# Bog Terrarium



## hydrophyte (Jun 5, 2009)

*Bog Terrarium*

This weekend I started work on a new setup that will feature native North American bog plants including _Sphagnum_ spp. mosses, one or two carnivorous plants and several evergreen woody shrubs.










The term _bog_ is not interchangeable with the words _swamp_ or _marsh_. Bogs are a specific kind of wetland habitat with specific assemblages of plants. In some ways bog environments are the complete opposite of swamps. Bogs are dominated by _Sphagnum_ spp. mosses and other plants adapted to grow in very acid water with low nutrients. Most bog plants do not grow in other habitats. 

Here is the enclosure, a 38-gallon fish tank (36" X 12" X 20").

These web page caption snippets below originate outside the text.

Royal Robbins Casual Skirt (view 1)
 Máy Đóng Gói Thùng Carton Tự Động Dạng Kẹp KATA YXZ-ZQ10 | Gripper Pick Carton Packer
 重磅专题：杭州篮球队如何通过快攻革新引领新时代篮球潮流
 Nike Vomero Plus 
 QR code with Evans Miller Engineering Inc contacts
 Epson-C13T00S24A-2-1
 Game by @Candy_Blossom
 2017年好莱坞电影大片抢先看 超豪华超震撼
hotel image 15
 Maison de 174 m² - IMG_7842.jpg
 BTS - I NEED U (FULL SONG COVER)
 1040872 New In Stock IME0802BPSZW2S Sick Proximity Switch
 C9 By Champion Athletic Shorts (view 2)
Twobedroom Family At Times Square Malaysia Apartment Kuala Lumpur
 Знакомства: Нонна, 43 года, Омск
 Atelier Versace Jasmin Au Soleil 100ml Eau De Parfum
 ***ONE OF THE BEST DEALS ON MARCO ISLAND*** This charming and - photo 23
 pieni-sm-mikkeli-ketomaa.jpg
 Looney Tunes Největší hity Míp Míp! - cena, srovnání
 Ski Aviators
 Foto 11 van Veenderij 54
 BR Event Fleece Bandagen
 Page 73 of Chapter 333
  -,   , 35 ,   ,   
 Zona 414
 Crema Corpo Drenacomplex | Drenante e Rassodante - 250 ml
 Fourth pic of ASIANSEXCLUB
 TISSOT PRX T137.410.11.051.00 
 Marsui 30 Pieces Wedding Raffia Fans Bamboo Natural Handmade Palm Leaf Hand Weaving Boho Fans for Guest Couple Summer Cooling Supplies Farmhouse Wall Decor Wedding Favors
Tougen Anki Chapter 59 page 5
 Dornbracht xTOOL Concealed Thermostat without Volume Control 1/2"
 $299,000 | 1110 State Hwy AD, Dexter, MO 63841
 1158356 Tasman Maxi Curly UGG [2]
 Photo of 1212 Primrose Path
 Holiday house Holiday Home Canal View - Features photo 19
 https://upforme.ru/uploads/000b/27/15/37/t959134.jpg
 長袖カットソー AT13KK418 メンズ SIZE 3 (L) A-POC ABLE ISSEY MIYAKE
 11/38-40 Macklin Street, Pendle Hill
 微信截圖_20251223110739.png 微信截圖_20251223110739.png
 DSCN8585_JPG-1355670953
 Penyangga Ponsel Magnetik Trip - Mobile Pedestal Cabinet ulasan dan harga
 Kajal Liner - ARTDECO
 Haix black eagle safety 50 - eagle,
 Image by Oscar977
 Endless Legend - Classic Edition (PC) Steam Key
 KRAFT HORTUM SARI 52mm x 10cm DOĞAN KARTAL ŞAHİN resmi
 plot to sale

I decided to use Matala filter mat as a rooting substrate. The Matala rests on an eggcrate false bottom with a 2" plenum. I could have just put the fitler mat right into the bottom of the tank, but I figured that a few extra gallons of water would provide some more stability. The false bottom with standpipe will also make it easier to siphon drain the water if desired. 

I got some great plants with a visit to Reeseville Ridge Nursery. This is a really cool nursery to visit if you are in the area. They have many fascinating native plants that nobody else seems to be cultivating. Reeseville Ridge Nursery doesn't really maintain a retail storefront, so if you want to go there to buy plants you should call ahead. 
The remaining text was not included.